_Goal of the exercise_:
Emit a verbatim copy of the lines below from the line with "BOTTEGA VENETA Calfskin" through the line with "Coche De Muñecas", excluding pictures and everything outside that range.

*** Opening of Material provided ***

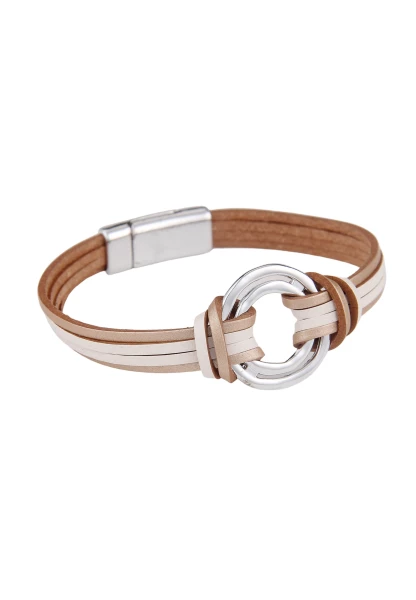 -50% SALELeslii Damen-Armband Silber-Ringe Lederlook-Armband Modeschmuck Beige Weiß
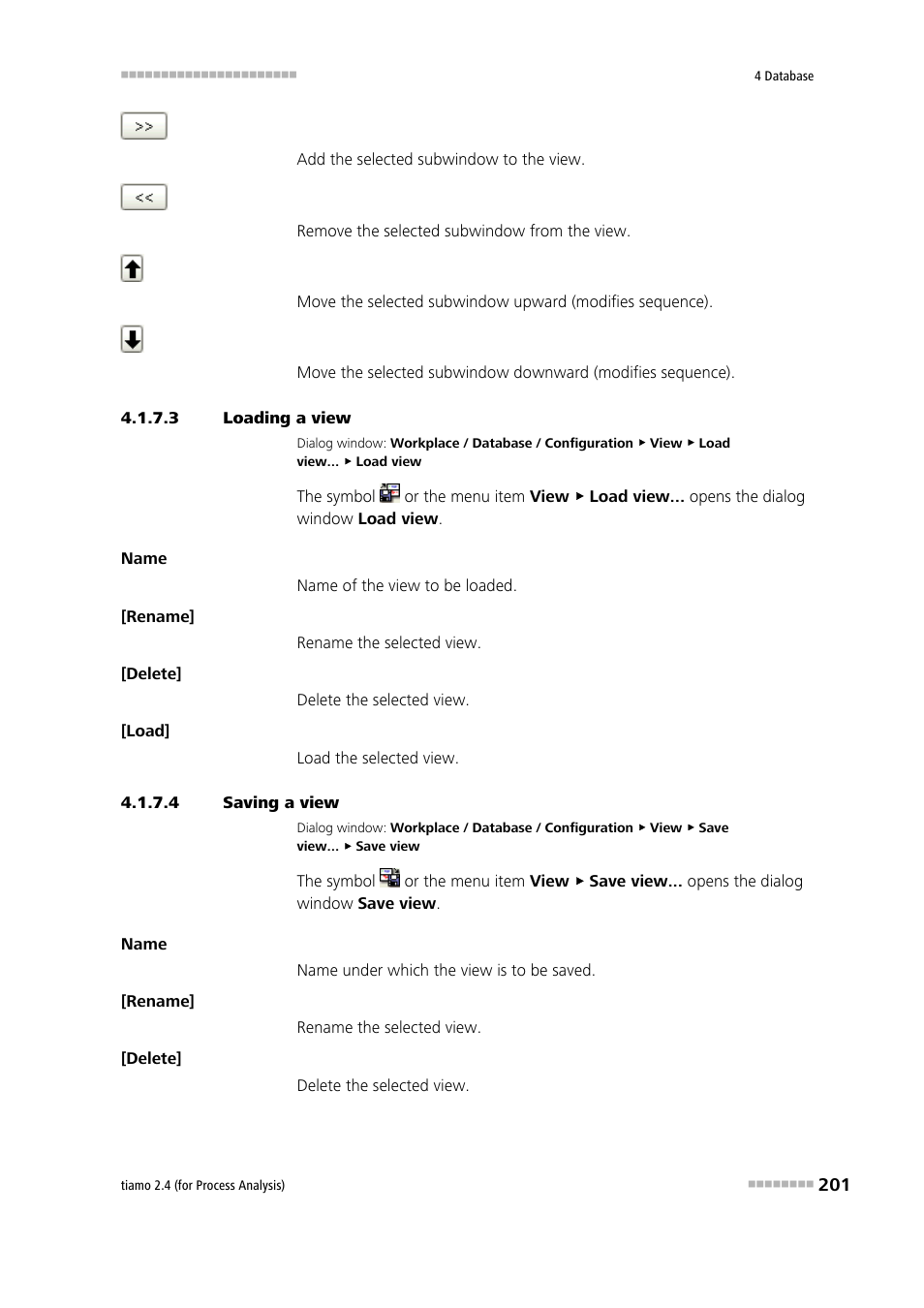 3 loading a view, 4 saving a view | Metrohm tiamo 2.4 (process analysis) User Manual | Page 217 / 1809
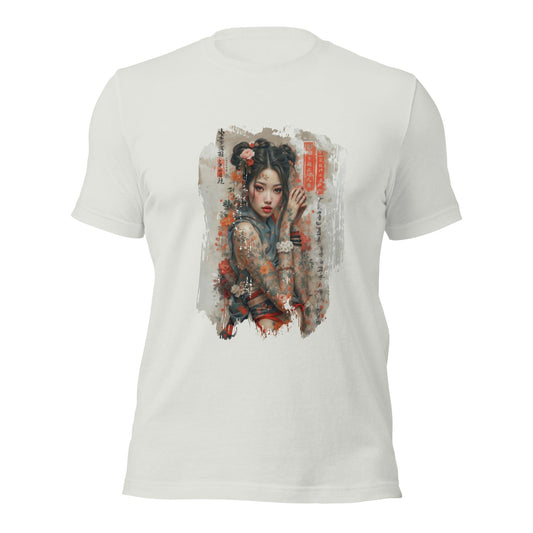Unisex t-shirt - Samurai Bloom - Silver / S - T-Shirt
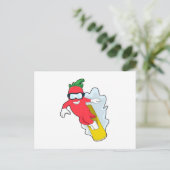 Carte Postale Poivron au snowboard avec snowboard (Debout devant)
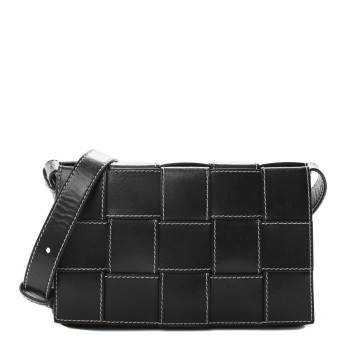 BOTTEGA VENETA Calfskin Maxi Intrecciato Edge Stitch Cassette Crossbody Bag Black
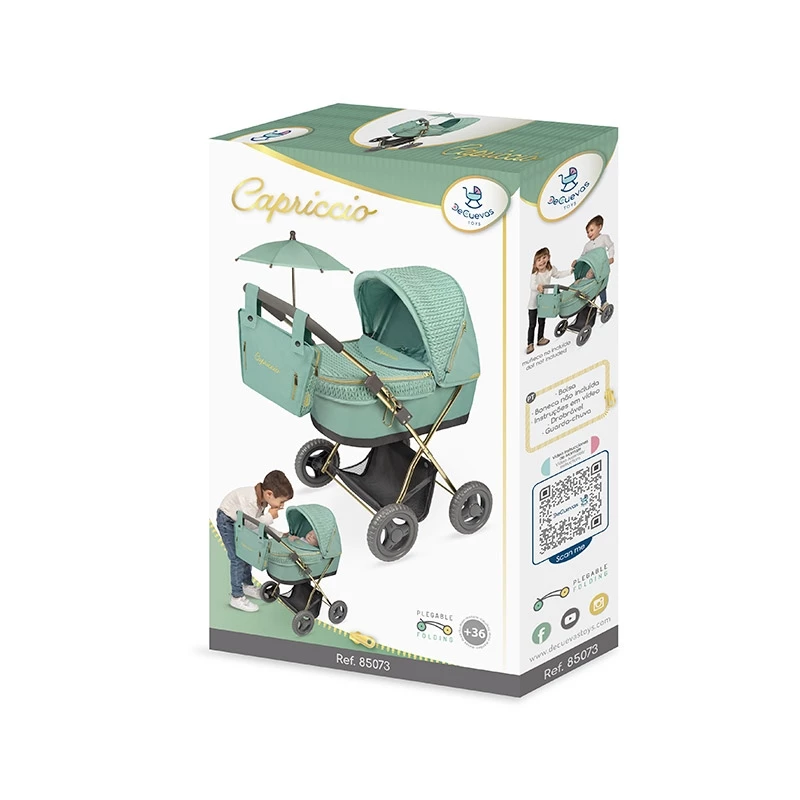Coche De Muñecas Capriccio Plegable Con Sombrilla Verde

*** Close of Material provided ***
*** Opening of Material provided ***

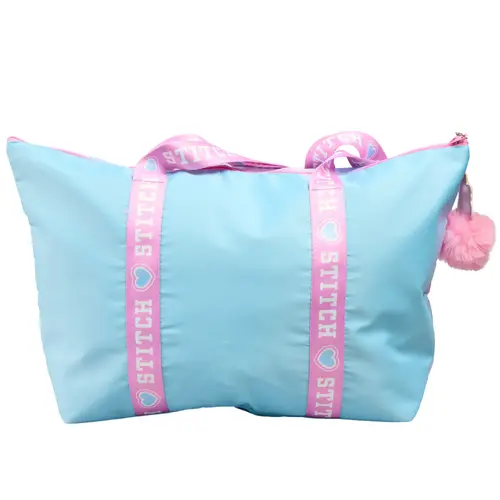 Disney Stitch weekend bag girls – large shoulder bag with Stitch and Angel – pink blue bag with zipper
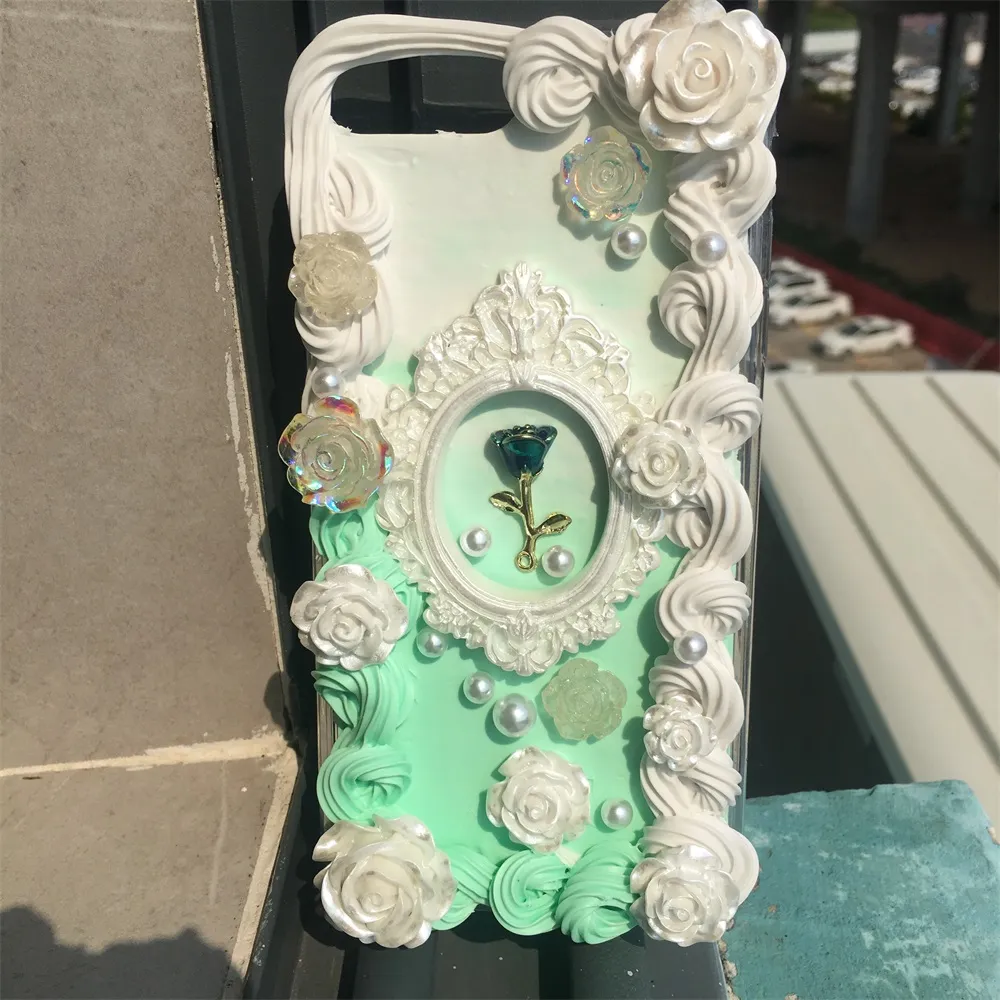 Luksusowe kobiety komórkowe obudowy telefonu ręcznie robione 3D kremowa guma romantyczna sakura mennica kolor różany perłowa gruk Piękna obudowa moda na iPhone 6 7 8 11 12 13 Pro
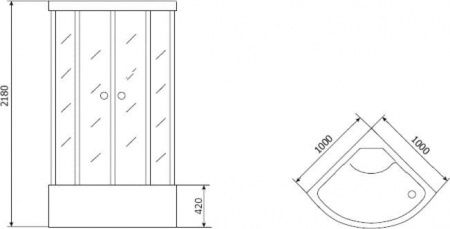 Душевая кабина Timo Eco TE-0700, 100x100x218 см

*** Close of Material provided ***
*** Opening of Material provided ***

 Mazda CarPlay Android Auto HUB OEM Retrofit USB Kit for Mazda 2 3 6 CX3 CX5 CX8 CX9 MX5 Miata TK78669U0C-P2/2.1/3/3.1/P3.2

*** Close of Material provided ***

_Reply to the exercise_:
 BOTTEGA VENETA Calfskin Maxi Intrecciato Edge Stitch Cassette Crossbody Bag Black
Coche De Muñecas Capriccio Plegable Con Sombrilla Verde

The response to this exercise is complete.